Même le goût, qui dans la hiérarchie des sens est à peine d’un degré supérieur au tact, qui est pauvre de sympathies sensuelles et liées, comme il l’est lui-même si intimement, à la digestion, le goût, dis-je, peut voir ses sensations transformées en nausées, en crampes d’estomac ou en phénomènes d’ordre tactile. Je connais un jeune homme qui en sentant la saveur du vinaigre est toujours pris de froid à la nuque, et le Dr Roubaud raconte qu’un autre ne peut manger de la crème fouettée sans être pris à l’improviste d’un fort mouvement érotique.

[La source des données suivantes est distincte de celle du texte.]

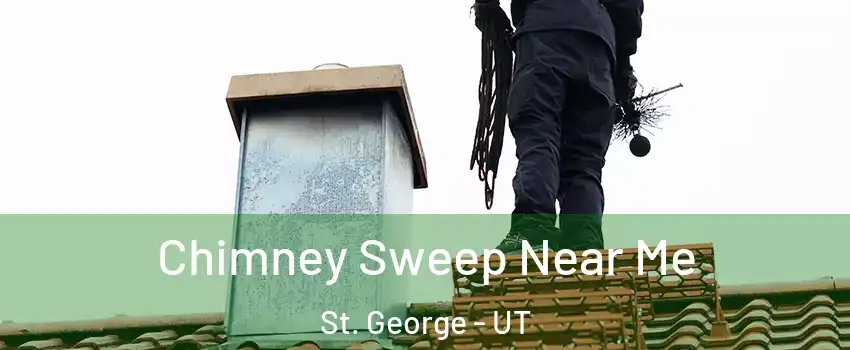  Chimney Sweep Near Me St. George - UT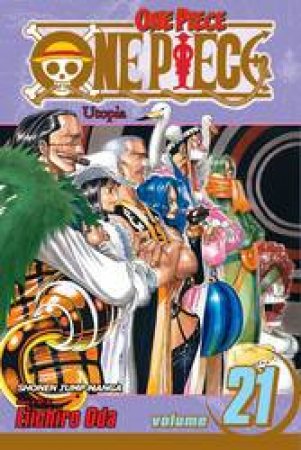 One Piece 21 by Eiichiro Oda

L’odorat est riche de sympathies avec les régions inférieures et supérieures de la vie psychique, et tout le monde connaît les liens étroits qui unissent les narines avec les régions voluptueuses. L’odorat est lié ensuite avec le goût si étroitement, que l’on a pu dire « que l’odeur est une demi-saveur, et que la saveur sans l’odeur n’est qu’une moitié de saveur. » Essayez, en mangeant, de vous boucher les narines, et vous verrez à quelle pauvreté de sensations gustatives votre langue sera réduite. De ces sphères inférieures de l’alimentation, l’odorat s’élève dans les plus hautes par la propriété dont elles jouissent de réveiller les souvenirs. On peut dire qu’il est le sens des réminiscences topographiques, car c’est un fait connu que d’innombrables sensations éprouvées dans le passé se réveillent seulement parce qu’elles ont été contemporaines d’une odeur donnée. Mais on sait aussi que le nez est dans de tels cas aussi pauvre d’associations intellectuelles précises qu’il est riche en ressouvenirs de sensations et d’émotions.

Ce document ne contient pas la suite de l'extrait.